Les récents affrontements mortels au Sahara occidental

Maroc
Sahara occidental

Chronologie

23/12/2011Envoi question
9/2/2012Réponse

Réintroduction de : question écrite 5-3849

Question n° 5-4308 du 23 décembre 2011 : (Question posée en néerlandais)

Des incidents violents se sont déroulés ces dernières semaines dans la région du Sahara occidental occupée par le Maroc.

Le 25 septembre dernier à Dakhla, à l'issue d'un match de football, des heurts ont éclaté entre bandes de supporters d'équipes rivales, celle de Casablanca et l'équipe locale sarahouie. L'agence de presse française AFP rapporte que des activistes sarahouis se sont mêlés aux échauffourées. La police antiémeute a éprouvé des difficultés à maîtriser la foule et les affrontements se sont étendus à deux autres quartiers de la ville. Des voitures ont été incendiées et des magasins et des habitations ont été pillés.

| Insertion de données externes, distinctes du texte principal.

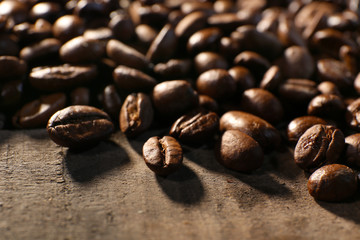 Pile of coffee beans on wooden table, closeup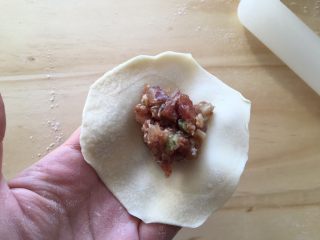 手工牛肉水饺,取出冰箱里的牛肉馅儿，用勺子舀一小勺到饺子皮中间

L'incident se solda par sept morts et vingt blessés. Parmi les morts, on dénombre entre autres deux policiers.

Le ministre marocain de l'Intérieur, Taieb Cherkaoui, a indiqué lors de sa visite à Dakhla le 26 septembre qu'une enquête judiciaire était en cours. Entre-temps, six personnes auraient déjà été mises en examen en raison de leur participation aux émeutes.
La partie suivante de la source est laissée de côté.